▸ REQUIRED ACTION:
Set down every entry again, exactly as it appears.

[Items from a dataset]
##############################

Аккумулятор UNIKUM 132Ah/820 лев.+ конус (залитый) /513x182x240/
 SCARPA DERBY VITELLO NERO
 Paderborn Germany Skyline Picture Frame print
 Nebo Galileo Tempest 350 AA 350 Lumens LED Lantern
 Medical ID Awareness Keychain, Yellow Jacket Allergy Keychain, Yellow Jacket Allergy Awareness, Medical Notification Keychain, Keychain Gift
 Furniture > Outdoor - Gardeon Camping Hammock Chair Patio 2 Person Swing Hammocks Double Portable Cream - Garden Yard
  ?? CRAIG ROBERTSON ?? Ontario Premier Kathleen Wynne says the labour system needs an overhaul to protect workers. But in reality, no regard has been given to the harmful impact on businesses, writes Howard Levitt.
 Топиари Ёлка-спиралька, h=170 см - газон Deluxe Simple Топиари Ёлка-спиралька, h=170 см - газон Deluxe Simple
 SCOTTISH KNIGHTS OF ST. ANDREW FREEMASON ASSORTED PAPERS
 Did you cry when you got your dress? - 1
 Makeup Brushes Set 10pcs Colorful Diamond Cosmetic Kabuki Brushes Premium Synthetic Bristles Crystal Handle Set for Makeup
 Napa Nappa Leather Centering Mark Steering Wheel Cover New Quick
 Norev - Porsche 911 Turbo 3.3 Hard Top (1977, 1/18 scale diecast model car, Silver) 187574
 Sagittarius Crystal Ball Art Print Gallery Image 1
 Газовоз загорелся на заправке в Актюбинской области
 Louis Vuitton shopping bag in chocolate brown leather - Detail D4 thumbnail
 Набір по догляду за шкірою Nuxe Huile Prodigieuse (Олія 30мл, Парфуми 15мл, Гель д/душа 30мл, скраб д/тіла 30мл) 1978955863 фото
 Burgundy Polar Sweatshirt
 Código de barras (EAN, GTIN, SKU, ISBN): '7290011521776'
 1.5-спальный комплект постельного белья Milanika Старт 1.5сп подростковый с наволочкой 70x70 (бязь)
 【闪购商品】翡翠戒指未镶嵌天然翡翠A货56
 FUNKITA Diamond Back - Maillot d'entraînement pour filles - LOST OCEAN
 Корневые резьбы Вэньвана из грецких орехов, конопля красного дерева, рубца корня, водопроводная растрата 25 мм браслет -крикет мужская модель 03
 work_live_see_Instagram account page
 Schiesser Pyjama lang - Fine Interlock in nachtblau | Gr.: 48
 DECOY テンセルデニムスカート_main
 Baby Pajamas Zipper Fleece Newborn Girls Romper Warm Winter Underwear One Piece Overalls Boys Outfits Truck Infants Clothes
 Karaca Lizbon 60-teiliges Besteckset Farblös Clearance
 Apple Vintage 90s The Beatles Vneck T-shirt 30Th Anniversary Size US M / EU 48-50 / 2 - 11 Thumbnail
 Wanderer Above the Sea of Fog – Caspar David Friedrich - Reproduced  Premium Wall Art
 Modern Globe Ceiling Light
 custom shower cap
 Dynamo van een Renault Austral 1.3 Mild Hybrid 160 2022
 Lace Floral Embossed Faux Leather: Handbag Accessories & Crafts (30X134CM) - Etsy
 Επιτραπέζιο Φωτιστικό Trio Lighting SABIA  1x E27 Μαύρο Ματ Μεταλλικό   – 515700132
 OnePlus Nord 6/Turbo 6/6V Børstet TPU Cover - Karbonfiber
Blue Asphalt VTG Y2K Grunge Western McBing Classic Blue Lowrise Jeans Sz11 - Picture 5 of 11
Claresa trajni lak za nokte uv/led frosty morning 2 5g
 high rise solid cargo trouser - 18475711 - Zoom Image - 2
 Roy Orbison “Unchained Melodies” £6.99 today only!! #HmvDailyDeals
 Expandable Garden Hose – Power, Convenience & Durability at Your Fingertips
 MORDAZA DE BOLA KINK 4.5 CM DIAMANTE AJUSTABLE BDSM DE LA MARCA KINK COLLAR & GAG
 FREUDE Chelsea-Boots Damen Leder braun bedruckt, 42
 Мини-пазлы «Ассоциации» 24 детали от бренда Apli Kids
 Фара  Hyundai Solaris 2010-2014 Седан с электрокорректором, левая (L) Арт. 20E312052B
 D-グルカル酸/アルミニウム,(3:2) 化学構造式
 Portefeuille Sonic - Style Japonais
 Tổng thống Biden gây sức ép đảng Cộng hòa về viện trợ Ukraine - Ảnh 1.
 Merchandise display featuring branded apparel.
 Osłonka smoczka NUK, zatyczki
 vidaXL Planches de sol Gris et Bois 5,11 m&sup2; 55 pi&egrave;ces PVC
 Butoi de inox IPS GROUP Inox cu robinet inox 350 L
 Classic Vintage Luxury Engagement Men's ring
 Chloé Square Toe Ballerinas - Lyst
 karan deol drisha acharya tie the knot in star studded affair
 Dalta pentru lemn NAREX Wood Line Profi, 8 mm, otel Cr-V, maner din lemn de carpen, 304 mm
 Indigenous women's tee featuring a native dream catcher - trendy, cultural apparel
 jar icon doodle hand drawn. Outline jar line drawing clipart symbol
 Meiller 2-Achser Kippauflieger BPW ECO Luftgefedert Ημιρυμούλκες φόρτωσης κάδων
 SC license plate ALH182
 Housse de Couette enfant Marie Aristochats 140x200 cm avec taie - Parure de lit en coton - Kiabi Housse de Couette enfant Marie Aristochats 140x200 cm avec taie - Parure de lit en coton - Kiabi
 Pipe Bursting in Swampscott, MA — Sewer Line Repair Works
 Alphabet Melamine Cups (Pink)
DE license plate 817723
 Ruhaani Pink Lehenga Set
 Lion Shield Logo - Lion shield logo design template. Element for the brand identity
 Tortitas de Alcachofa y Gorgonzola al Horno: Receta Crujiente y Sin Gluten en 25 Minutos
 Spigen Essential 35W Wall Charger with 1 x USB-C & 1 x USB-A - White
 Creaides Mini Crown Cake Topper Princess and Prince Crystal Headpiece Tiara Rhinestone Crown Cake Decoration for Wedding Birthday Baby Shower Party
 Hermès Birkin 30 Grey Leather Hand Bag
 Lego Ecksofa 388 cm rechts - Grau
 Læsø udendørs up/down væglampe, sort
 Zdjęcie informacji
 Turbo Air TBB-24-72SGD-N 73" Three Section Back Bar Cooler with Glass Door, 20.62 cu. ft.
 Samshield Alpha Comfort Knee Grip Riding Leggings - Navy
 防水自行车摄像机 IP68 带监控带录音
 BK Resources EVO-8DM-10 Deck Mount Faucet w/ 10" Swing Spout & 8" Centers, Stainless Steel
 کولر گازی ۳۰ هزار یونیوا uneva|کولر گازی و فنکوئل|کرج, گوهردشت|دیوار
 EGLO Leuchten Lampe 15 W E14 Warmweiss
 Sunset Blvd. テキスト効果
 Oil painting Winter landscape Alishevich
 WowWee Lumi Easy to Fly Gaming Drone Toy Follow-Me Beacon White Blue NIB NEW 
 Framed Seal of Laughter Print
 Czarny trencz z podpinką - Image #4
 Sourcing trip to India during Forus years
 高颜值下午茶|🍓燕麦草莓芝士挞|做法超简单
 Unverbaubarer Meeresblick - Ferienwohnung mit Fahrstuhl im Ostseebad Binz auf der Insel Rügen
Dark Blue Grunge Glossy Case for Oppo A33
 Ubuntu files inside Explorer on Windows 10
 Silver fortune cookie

##############################

▸ ANSWER TO THIS TASK:
Аккумулятор UNIKUM 132Ah/820 лев.+ конус (залитый) /513x182x240/
 SCARPA DERBY VITELLO NERO
 Paderborn Germany Skyline Picture Frame print
 Nebo Galileo Tempest 350 AA 350 Lumens LED Lantern
 Medical ID Awareness Keychain, Yellow Jacket Allergy Keychain, Yellow Jacket Allergy Awareness, Medical Notification Keychain, Keychain Gift
 Furniture > Outdoor - Gardeon Camping Hammock Chair Patio 2 Person Swing Hammocks Double Portable Cream - Garden Yard
  ?? CRAIG ROBERTSON ?? Ontario Premier Kathleen Wynne says the labour system needs an overhaul to protect workers. But in reality, no regard has been given to the harmful impact on businesses, writes Howard Levitt.
 Топиари Ёлка-спиралька, h=170 см - газон Deluxe Simple Топиари Ёлка-спиралька, h=170 см - газон Deluxe Simple
 SCOTTISH KNIGHTS OF ST. ANDREW FREEMASON ASSORTED PAPERS
 Did you cry when you got your dress? - 1
 Makeup Brushes Set 10pcs Colorful Diamond Cosmetic Kabuki Brushes Premium Synthetic Bristles Crystal Handle Set for Makeup
 Napa Nappa Leather Centering Mark Steering Wheel Cover New Quick
 Norev - Porsche 911 Turbo 3.3 Hard Top (1977, 1/18 scale diecast model car, Silver) 187574
 Sagittarius Crystal Ball Art Print Gallery Image 1
 Газовоз загорелся на заправке в Актюбинской области
 Louis Vuitton shopping bag in chocolate brown leather - Detail D4 thumbnail
 Набір по догляду за шкірою Nuxe Huile Prodigieuse (Олія 30мл, Парфуми 15мл, Гель д/душа 30мл, скраб д/тіла 30мл) 1978955863 фото
 Burgundy Polar Sweatshirt
 Código de barras (EAN, GTIN, SKU, ISBN): '7290011521776'
 1.5-спальный комплект постельного белья Milanika Старт 1.5сп подростковый с наволочкой 70x70 (бязь)
 【闪购商品】翡翠戒指未镶嵌天然翡翠A货56
 FUNKITA Diamond Back - Maillot d'entraînement pour filles - LOST OCEAN
 Корневые резьбы Вэньвана из грецких орехов, конопля красного дерева, рубца корня, водопроводная растрата 25 мм браслет -крикет мужская модель 03
 work_live_see_Instagram account page
 Schiesser Pyjama lang - Fine Interlock in nachtblau | Gr.: 48
 DECOY テンセルデニムスカート_main
 Baby Pajamas Zipper Fleece Newborn Girls Romper Warm Winter Underwear One Piece Overalls Boys Outfits Truck Infants Clothes
 Karaca Lizbon 60-teiliges Besteckset Farblös Clearance
 Apple Vintage 90s The Beatles Vneck T-shirt 30Th Anniversary Size US M / EU 48-50 / 2 - 11 Thumbnail
 Wanderer Above the Sea of Fog – Caspar David Friedrich - Reproduced  Premium Wall Art
 Modern Globe Ceiling Light
 custom shower cap
 Dynamo van een Renault Austral 1.3 Mild Hybrid 160 2022
 Lace Floral Embossed Faux Leather: Handbag Accessories & Crafts (30X134CM) - Etsy
 Επιτραπέζιο Φωτιστικό Trio Lighting SABIA  1x E27 Μαύρο Ματ Μεταλλικό   – 515700132
 OnePlus Nord 6/Turbo 6/6V Børstet TPU Cover - Karbonfiber
Blue Asphalt VTG Y2K Grunge Western McBing Classic Blue Lowrise Jeans Sz11 - Picture 5 of 11
Claresa trajni lak za nokte uv/led frosty morning 2 5g
 high rise solid cargo trouser - 18475711 - Zoom Image - 2
 Roy Orbison “Unchained Melodies” £6.99 today only!! #HmvDailyDeals
 Expandable Garden Hose – Power, Convenience & Durability at Your Fingertips
 MORDAZA DE BOLA KINK 4.5 CM DIAMANTE AJUSTABLE BDSM DE LA MARCA KINK COLLAR & GAG
 FREUDE Chelsea-Boots Damen Leder braun bedruckt, 42
 Мини-пазлы «Ассоциации» 24 детали от бренда Apli Kids
 Фара  Hyundai Solaris 2010-2014 Седан с электрокорректором, левая (L) Арт. 20E312052B
 D-グルカル酸/アルミニウム,(3:2) 化学構造式
 Portefeuille Sonic - Style Japonais
 Tổng thống Biden gây sức ép đảng Cộng hòa về viện trợ Ukraine - Ảnh 1.
 Merchandise display featuring branded apparel.
 Osłonka smoczka NUK, zatyczki
 vidaXL Planches de sol Gris et Bois 5,11 m&sup2; 55 pi&egrave;ces PVC
 Butoi de inox IPS GROUP Inox cu robinet inox 350 L
 Classic Vintage Luxury Engagement Men's ring
 Chloé Square Toe Ballerinas - Lyst
 karan deol drisha acharya tie the knot in star studded affair
 Dalta pentru lemn NAREX Wood Line Profi, 8 mm, otel Cr-V, maner din lemn de carpen, 304 mm
 Indigenous women's tee featuring a native dream catcher - trendy, cultural apparel
 jar icon doodle hand drawn. Outline jar line drawing clipart symbol
 Meiller 2-Achser Kippauflieger BPW ECO Luftgefedert Ημιρυμούλκες φόρτωσης κάδων
 SC license plate ALH182
 Housse de Couette enfant Marie Aristochats 140x200 cm avec taie - Parure de lit en coton - Kiabi Housse de Couette enfant Marie Aristochats 140x200 cm avec taie - Parure de lit en coton - Kiabi
 Pipe Bursting in Swampscott, MA — Sewer Line Repair Works
 Alphabet Melamine Cups (Pink)
DE license plate 817723
 Ruhaani Pink Lehenga Set
 Lion Shield Logo - Lion shield logo design template. Element for the brand identity
 Tortitas de Alcachofa y Gorgonzola al Horno: Receta Crujiente y Sin Gluten en 25 Minutos
 Spigen Essential 35W Wall Charger with 1 x USB-C & 1 x USB-A - White
 Creaides Mini Crown Cake Topper Princess and Prince Crystal Headpiece Tiara Rhinestone Crown Cake Decoration for Wedding Birthday Baby Shower Party
 Hermès Birkin 30 Grey Leather Hand Bag
 Lego Ecksofa 388 cm rechts - Grau
 Læsø udendørs up/down væglampe, sort
 Zdjęcie informacji
 Turbo Air TBB-24-72SGD-N 73" Three Section Back Bar Cooler with Glass Door, 20.62 cu. ft.
 Samshield Alpha Comfort Knee Grip Riding Leggings - Navy
 防水自行车摄像机 IP68 带监控带录音
 BK Resources EVO-8DM-10 Deck Mount Faucet w/ 10" Swing Spout & 8" Centers, Stainless Steel
 کولر گازی ۳۰ هزار یونیوا uneva|کولر گازی و فنکوئل|کرج, گوهردشت|دیوار
 EGLO Leuchten Lampe 15 W E14 Warmweiss
 Sunset Blvd. テキスト効果
 Oil painting Winter landscape Alishevich
 WowWee Lumi Easy to Fly Gaming Drone Toy Follow-Me Beacon White Blue NIB NEW 
 Framed Seal of Laughter Print
 Czarny trencz z podpinką - Image #4
 Sourcing trip to India during Forus years
 高颜值下午茶|🍓燕麦草莓芝士挞|做法超简单
 Unverbaubarer Meeresblick - Ferienwohnung mit Fahrstuhl im Ostseebad Binz auf der Insel Rügen
Dark Blue Grunge Glossy Case for Oppo A33
 Ubuntu files inside Explorer on Windows 10
 Silver fortune cookie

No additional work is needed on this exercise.